#EduRead: Faster Isn't Smarter

This week's article is Faster Isn't Smarter.

  • What she calls constructive struggle is not something new to us, we know productive struggle
  • How do we choose the right level of struggle? How do we differentiate the struggle for different levels of learners?
  • How do we challenge students without turning them off to math forever?
  • "Constructive struggling can take place when a teacher decides that one demanding, possibly time consuming problem will likely provide more learning value than several shorter but more obvious problems."
  • This concept aligns to Common Core ideas: "As students engage in the constructive struggling needed for some of these problems, they learn that perseverance, in-depth analysis, and critical thinking are valued in mathematics as much as quick recall, direct skill application, and instant intuition."

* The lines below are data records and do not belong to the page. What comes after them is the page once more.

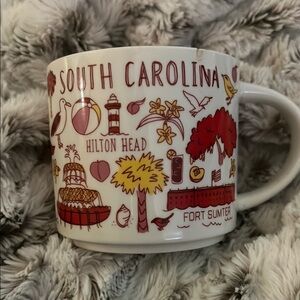 South Carolina Souvenir Mug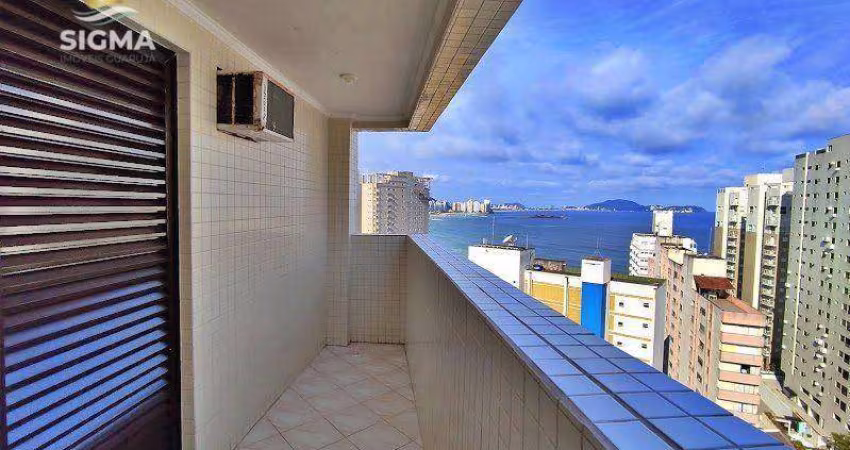 Apartamento à venda Praia das Astúrias, Guarujá.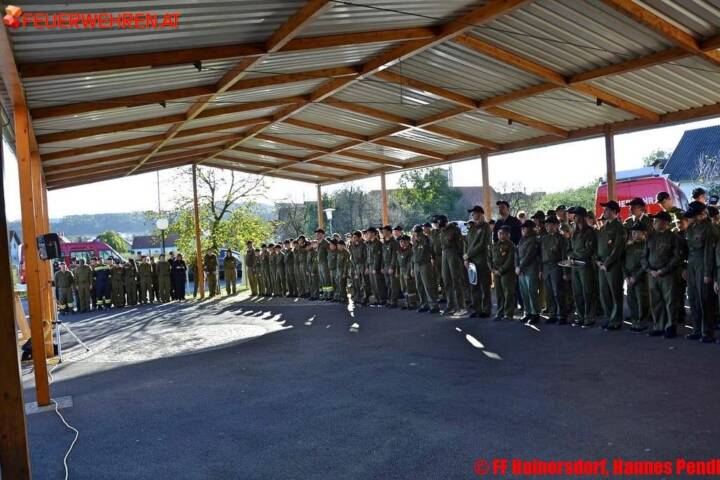 BFV Fürstenfeld: Wissenstest in Kroisbach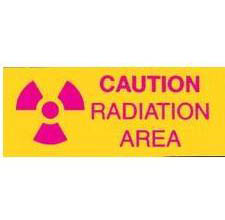  Sign: Radiation Area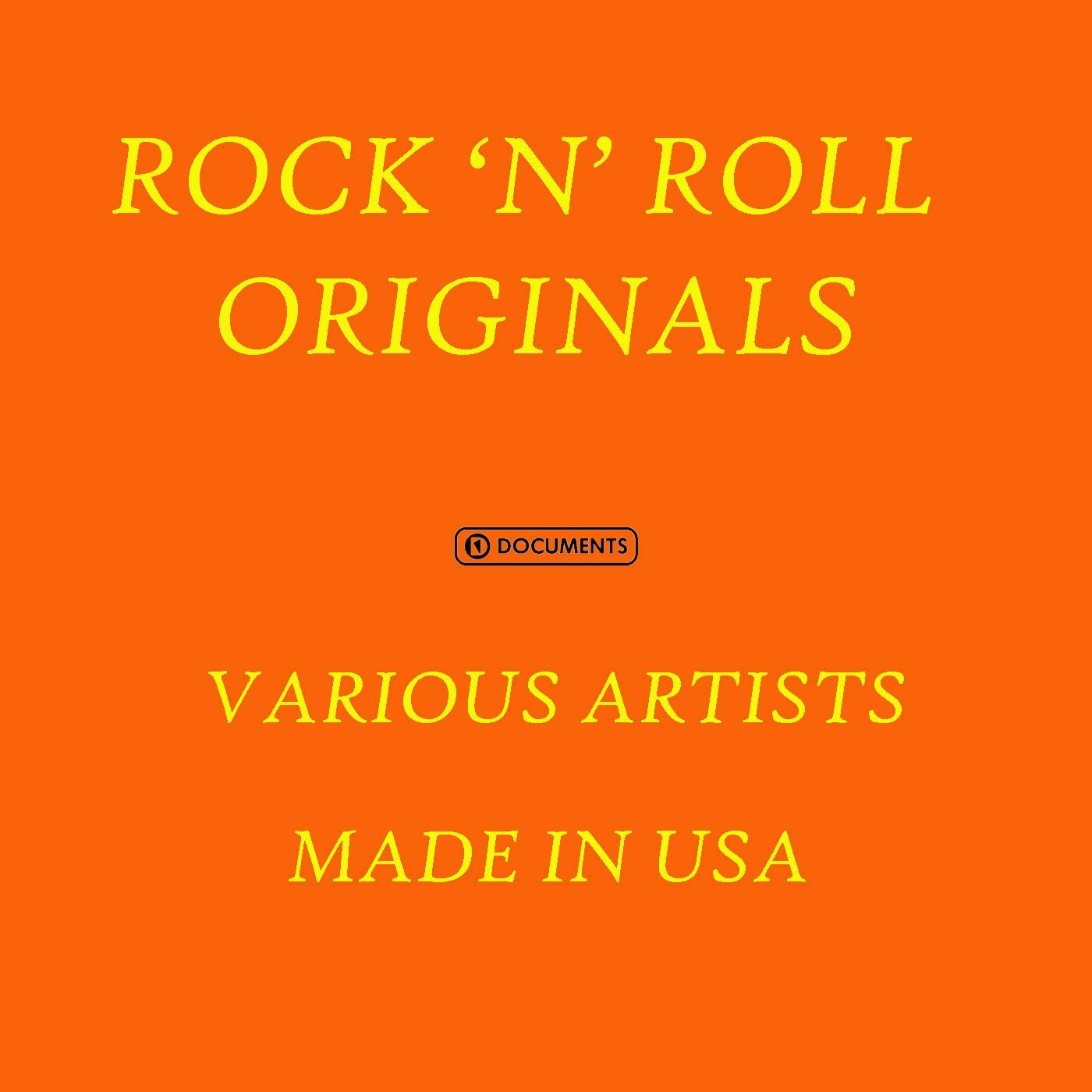 Rock'n'Roll Made in Usa Rock'n'roll Made in USA (CD)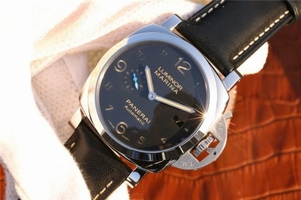 Panerai Luminor 1950 PAM1359 Edition Black Leather Strap Watch00584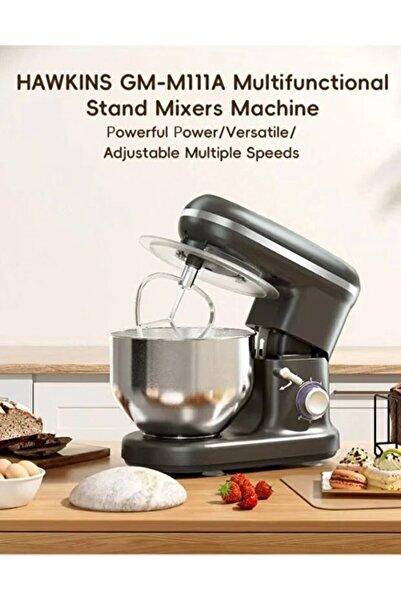 Yallabena Generic Stand Mixer GM-M111A – 1300W, 5L Stainless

  • I feel like a baby teacher....I don't any of the things that seem hard to students because they are hard to me too. Sad face. 
  • Can students both succeed and struggle on the same problem?
  • How can we extend problems in a natural way that doesn't break students out of their 'flow' or mental focus?
  • How can we take away the focus of a 'right' answer and move to a valuable experience?
  • Maybe students leave their cups on green longer because it's a visual for their peers as well. It's the reverse of not wanting to try, scared to fail...it's wanting to try harder so peers so don't think your failing.